[WHAT IS BEING ASKED] Set out exactly, and only, the lines running from the one containing "School Bus in" to the bottom of the listing below; pictures stay out.

[GIVEN DATA]
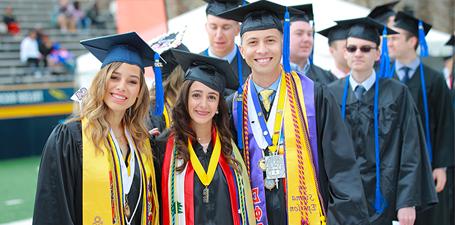 Latino students celebrating graduation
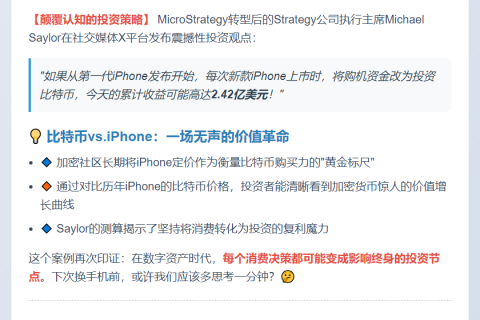 “Michael Saylor：换iPhone不如买比特币，或赚2.42亿”
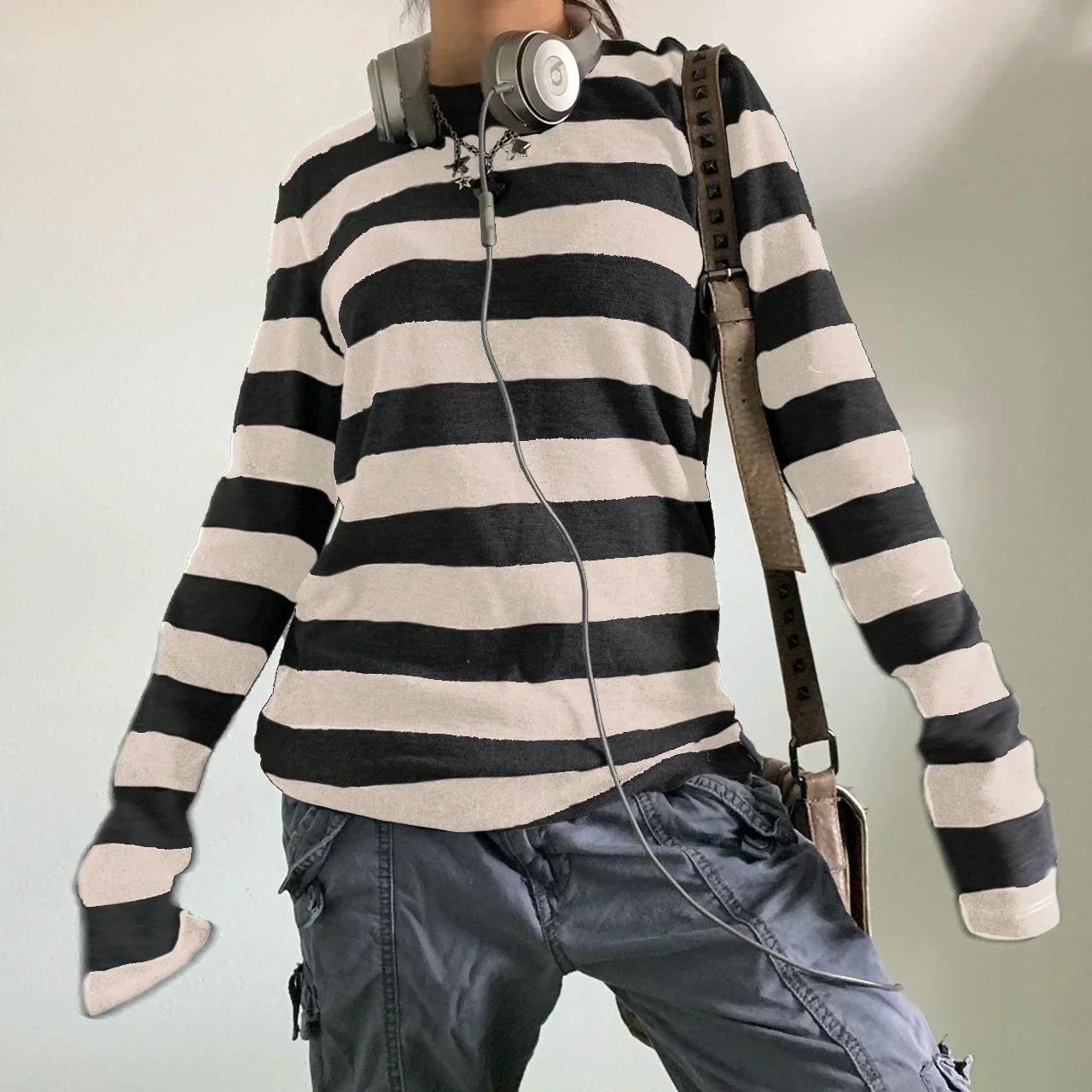 y2k Aesthetic T Shirt Grey Striped Long Sleeve Tops Gothic E Girl Punk Dark Academia Clothes Streetwear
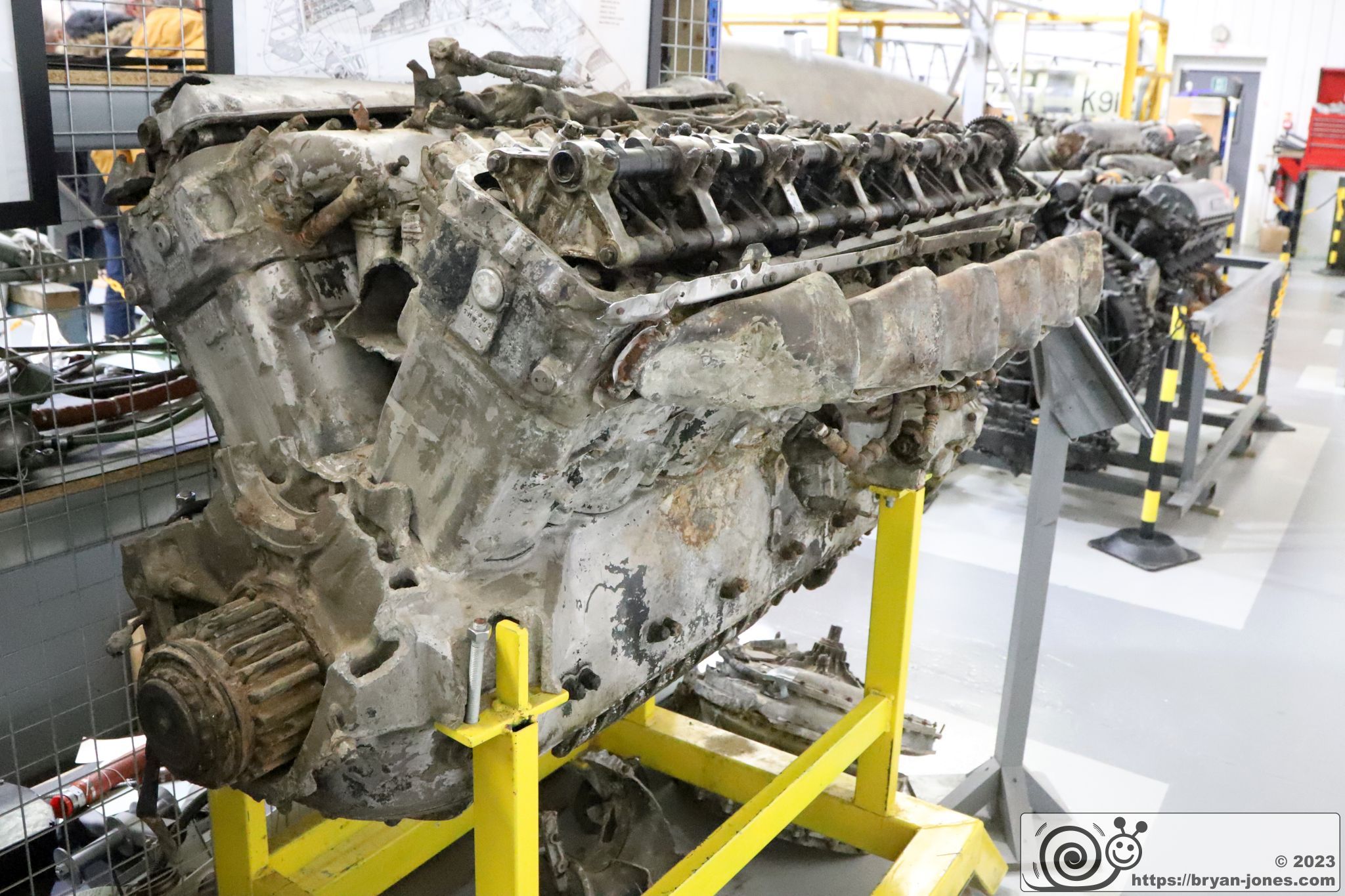Engine on stand in damaged condition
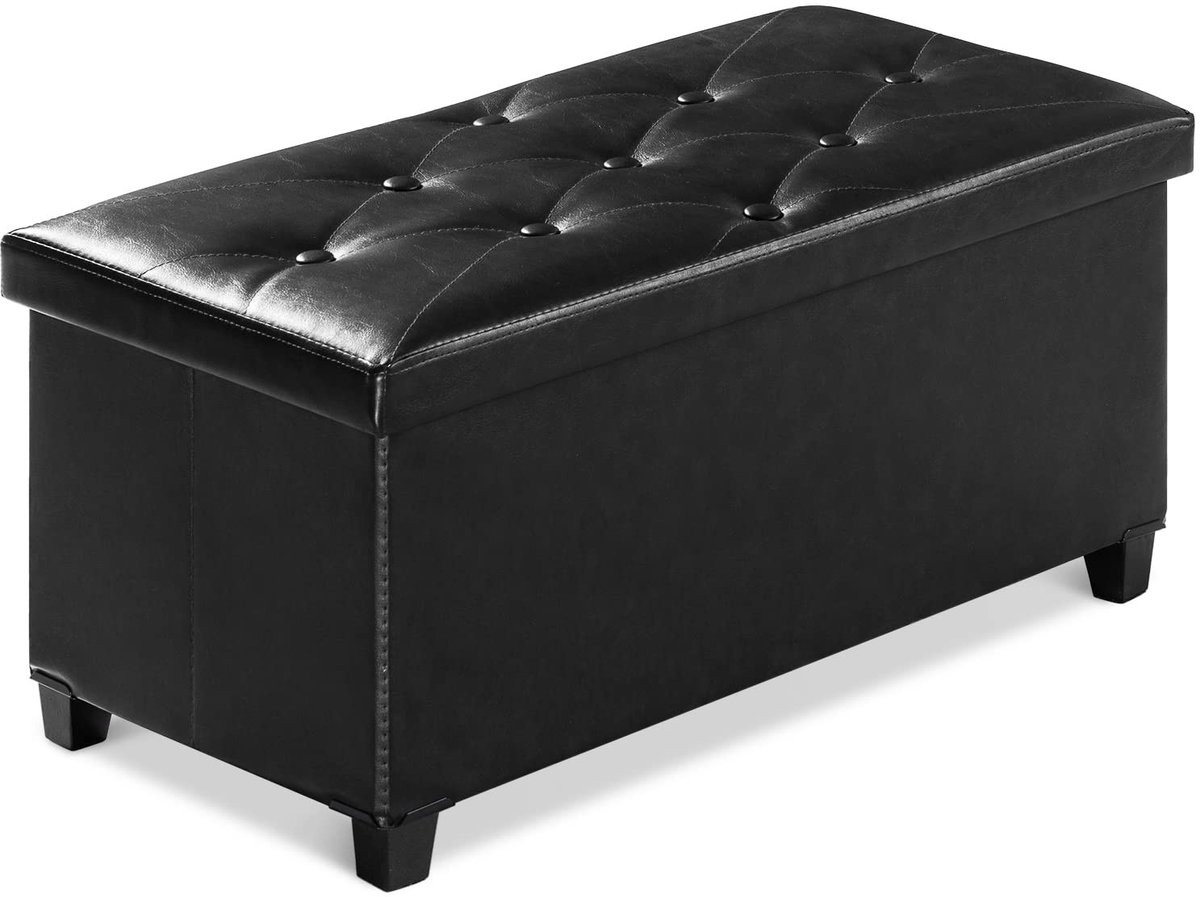 Omgoods Opberg Ottoman met 4 Houten Benen - Zwart Faux Leather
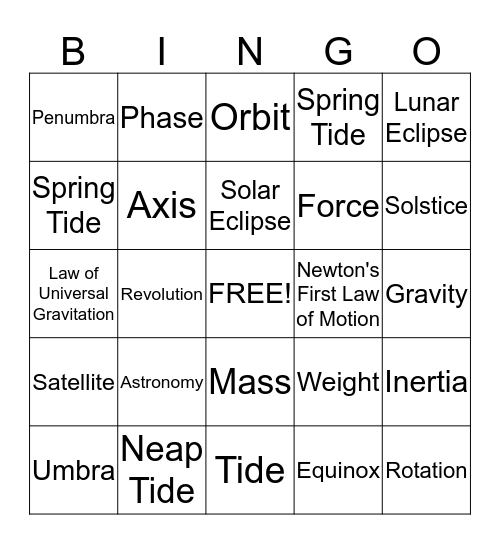 Earth, Sun, and Moon Bingo Card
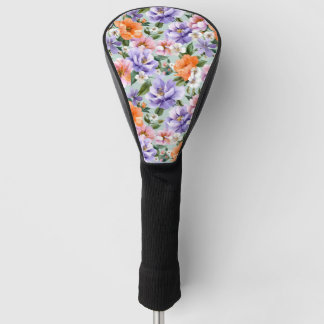 Muted Colorful Flowers Boho flower Golf Head Cover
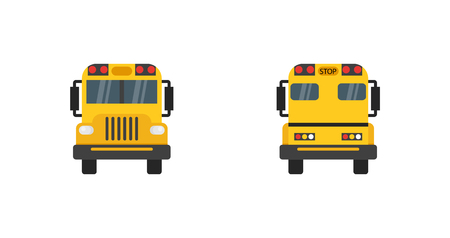 School Bus in flat design. School bus yellow. View from behind and before school bus. Eps10のイラスト素材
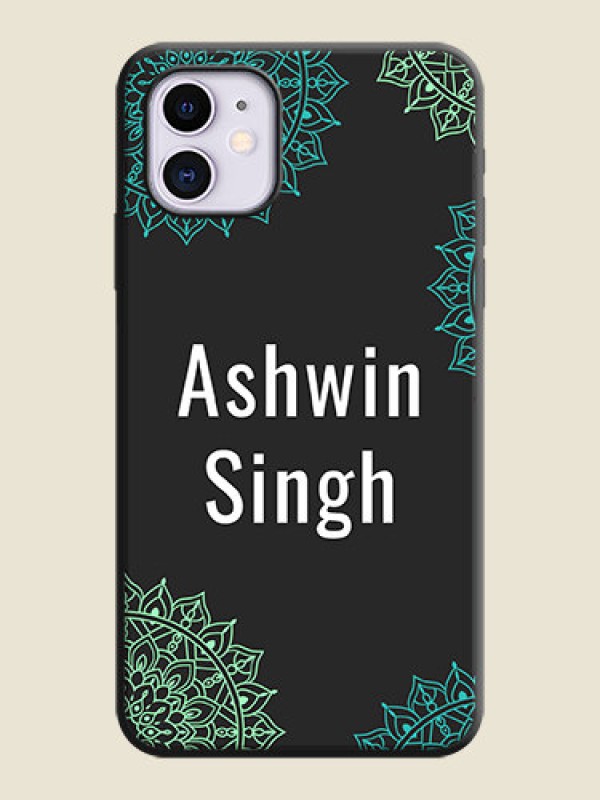 Custom Your Name with Floral Design on Space Black Custom Soft Matte Back Cover - iPhone 11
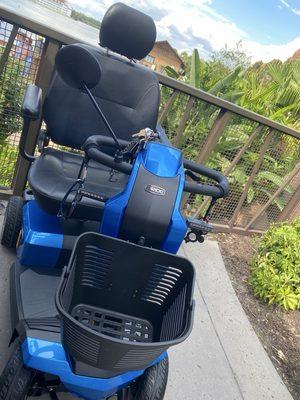 New scooter at The Polynesian tiki terrace.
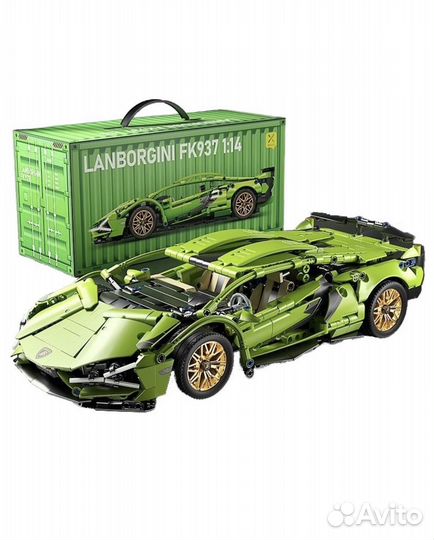 Конструктор Lamborghini green. Аналог lego technic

[COMPLETED EXERCISE]
 School Bus in flat design. School bus yellow. View from behind and before school bus. Eps10のイラスト素材
 Custom Your Name with Floral Design on Space Black Custom Soft Matte Back Cover - iPhone 11
 New scooter at The Polynesian tiki terrace.
 Конструктор Lamborghini green. Аналог lego technic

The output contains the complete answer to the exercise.